===== The input =====

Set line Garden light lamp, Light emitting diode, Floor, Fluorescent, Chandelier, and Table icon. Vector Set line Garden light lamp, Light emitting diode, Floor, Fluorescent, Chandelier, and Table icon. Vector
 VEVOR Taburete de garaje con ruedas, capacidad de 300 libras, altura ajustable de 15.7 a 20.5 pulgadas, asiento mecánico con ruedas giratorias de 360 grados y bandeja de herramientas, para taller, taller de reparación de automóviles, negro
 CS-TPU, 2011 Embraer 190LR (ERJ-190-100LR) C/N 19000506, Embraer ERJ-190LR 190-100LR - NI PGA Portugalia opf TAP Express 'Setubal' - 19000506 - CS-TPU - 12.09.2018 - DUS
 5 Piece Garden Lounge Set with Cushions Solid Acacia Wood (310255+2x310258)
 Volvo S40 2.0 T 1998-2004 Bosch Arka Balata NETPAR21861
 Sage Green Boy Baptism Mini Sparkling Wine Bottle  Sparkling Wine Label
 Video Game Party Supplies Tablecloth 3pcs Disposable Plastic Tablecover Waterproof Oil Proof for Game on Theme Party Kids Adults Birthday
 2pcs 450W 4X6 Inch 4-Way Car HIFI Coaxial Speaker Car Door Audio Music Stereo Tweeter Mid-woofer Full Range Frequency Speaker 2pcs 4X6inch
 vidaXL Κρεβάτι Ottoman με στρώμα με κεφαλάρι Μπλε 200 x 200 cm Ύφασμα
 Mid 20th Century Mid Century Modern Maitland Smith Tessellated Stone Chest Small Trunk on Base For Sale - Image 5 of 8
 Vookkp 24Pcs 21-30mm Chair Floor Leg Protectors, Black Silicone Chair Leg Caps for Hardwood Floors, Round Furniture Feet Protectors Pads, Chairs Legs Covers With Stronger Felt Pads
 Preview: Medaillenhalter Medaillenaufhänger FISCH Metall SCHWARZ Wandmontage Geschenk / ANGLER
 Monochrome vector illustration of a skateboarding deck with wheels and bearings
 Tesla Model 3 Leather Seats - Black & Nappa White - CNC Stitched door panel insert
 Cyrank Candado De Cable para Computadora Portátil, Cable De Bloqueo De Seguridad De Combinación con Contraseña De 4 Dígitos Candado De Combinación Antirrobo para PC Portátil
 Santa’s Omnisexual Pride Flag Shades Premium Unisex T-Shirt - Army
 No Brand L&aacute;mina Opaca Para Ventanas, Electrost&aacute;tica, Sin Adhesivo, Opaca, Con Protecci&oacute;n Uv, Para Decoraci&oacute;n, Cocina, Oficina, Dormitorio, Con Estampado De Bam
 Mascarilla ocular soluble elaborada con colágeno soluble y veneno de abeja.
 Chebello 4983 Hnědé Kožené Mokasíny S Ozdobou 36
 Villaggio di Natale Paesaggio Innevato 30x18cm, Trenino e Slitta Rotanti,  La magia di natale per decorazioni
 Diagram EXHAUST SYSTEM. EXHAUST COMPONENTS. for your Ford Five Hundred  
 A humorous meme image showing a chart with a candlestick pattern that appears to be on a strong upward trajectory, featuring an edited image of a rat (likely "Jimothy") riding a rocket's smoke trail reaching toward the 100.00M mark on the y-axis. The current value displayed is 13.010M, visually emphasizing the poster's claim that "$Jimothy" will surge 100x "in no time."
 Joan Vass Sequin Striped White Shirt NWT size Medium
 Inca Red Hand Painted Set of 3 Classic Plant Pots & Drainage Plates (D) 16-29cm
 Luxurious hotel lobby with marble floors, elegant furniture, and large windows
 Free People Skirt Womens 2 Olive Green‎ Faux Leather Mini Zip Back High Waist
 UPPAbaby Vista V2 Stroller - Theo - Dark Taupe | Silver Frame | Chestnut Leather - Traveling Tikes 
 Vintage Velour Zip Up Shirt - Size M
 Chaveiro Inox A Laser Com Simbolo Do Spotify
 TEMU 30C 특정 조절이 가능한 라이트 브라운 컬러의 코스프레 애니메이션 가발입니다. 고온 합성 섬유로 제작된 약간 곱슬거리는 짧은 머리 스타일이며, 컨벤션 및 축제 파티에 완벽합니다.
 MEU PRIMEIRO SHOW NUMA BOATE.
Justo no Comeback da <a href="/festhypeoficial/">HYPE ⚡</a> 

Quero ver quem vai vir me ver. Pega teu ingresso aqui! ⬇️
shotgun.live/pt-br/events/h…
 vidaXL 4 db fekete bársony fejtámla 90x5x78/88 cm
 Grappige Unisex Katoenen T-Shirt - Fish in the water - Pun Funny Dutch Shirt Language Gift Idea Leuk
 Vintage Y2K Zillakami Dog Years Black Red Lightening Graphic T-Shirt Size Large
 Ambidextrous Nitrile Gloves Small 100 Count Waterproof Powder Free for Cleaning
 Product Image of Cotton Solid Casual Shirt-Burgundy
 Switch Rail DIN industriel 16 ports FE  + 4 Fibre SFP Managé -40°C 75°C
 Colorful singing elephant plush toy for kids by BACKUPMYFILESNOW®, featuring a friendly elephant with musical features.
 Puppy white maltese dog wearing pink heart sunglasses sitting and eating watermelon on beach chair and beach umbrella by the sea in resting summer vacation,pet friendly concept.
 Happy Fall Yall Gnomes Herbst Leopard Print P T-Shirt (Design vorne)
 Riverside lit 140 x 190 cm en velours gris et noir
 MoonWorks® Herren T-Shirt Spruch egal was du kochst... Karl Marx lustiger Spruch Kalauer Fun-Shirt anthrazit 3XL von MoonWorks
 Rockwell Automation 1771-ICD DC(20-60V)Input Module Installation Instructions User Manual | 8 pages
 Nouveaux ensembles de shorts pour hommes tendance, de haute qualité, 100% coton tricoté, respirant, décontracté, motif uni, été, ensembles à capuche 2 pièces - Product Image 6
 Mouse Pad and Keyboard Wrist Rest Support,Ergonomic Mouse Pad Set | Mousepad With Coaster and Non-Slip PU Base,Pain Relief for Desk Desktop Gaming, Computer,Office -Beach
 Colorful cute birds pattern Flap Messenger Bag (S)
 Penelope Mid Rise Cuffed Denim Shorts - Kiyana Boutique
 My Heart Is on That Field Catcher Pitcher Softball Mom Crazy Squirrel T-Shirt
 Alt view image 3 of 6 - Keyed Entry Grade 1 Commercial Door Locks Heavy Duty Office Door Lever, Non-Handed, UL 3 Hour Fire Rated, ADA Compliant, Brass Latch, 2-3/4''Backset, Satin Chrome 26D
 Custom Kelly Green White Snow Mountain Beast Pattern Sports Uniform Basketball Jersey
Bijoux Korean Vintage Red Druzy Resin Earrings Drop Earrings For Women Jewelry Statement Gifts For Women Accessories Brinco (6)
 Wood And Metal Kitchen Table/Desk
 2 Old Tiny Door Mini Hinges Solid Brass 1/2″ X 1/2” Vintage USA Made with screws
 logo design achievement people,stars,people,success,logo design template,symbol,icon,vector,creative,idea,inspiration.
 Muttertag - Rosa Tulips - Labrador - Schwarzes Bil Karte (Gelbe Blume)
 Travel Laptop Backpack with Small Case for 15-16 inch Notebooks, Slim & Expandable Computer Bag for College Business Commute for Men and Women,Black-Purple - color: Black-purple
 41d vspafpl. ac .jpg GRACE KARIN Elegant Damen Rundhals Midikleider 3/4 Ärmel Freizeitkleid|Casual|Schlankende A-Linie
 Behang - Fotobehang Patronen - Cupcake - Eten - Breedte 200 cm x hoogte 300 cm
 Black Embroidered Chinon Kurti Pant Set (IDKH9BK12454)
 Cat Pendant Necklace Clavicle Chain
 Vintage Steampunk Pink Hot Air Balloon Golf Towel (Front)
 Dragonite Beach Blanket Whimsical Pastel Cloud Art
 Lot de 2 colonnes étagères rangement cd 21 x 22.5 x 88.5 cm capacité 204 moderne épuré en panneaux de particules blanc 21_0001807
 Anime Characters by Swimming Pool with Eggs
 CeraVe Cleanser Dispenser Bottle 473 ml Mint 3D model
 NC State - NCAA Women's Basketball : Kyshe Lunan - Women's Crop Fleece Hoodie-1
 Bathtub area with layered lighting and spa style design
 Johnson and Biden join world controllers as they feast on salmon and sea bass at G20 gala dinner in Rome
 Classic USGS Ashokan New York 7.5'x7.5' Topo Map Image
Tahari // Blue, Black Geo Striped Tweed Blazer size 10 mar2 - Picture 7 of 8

=====

#### [Work order]
Could you write out, exactly as they stand, only the lines above that begin at the line with "shotgun.live/pt-br/events/h…" and stop after the line with "Bijoux Korean Vintage"?

#### [Completed task]
shotgun.live/pt-br/events/h…
 vidaXL 4 db fekete bársony fejtámla 90x5x78/88 cm
 Grappige Unisex Katoenen T-Shirt - Fish in the water - Pun Funny Dutch Shirt Language Gift Idea Leuk
 Vintage Y2K Zillakami Dog Years Black Red Lightening Graphic T-Shirt Size Large
 Ambidextrous Nitrile Gloves Small 100 Count Waterproof Powder Free for Cleaning
 Product Image of Cotton Solid Casual Shirt-Burgundy
 Switch Rail DIN industriel 16 ports FE  + 4 Fibre SFP Managé -40°C 75°C
 Colorful singing elephant plush toy for kids by BACKUPMYFILESNOW®, featuring a friendly elephant with musical features.
 Puppy white maltese dog wearing pink heart sunglasses sitting and eating watermelon on beach chair and beach umbrella by the sea in resting summer vacation,pet friendly concept.
 Happy Fall Yall Gnomes Herbst Leopard Print P T-Shirt (Design vorne)
 Riverside lit 140 x 190 cm en velours gris et noir
 MoonWorks® Herren T-Shirt Spruch egal was du kochst... Karl Marx lustiger Spruch Kalauer Fun-Shirt anthrazit 3XL von MoonWorks
 Rockwell Automation 1771-ICD DC(20-60V)Input Module Installation Instructions User Manual | 8 pages
 Nouveaux ensembles de shorts pour hommes tendance, de haute qualité, 100% coton tricoté, respirant, décontracté, motif uni, été, ensembles à capuche 2 pièces - Product Image 6
 Mouse Pad and Keyboard Wrist Rest Support,Ergonomic Mouse Pad Set | Mousepad With Coaster and Non-Slip PU Base,Pain Relief for Desk Desktop Gaming, Computer,Office -Beach
 Colorful cute birds pattern Flap Messenger Bag (S)
 Penelope Mid Rise Cuffed Denim Shorts - Kiyana Boutique
 My Heart Is on That Field Catcher Pitcher Softball Mom Crazy Squirrel T-Shirt
 Alt view image 3 of 6 - Keyed Entry Grade 1 Commercial Door Locks Heavy Duty Office Door Lever, Non-Handed, UL 3 Hour Fire Rated, ADA Compliant, Brass Latch, 2-3/4''Backset, Satin Chrome 26D
 Custom Kelly Green White Snow Mountain Beast Pattern Sports Uniform Basketball Jersey
Bijoux Korean Vintage Red Druzy Resin Earrings Drop Earrings For Women Jewelry Statement Gifts For Women Accessories Brinco (6)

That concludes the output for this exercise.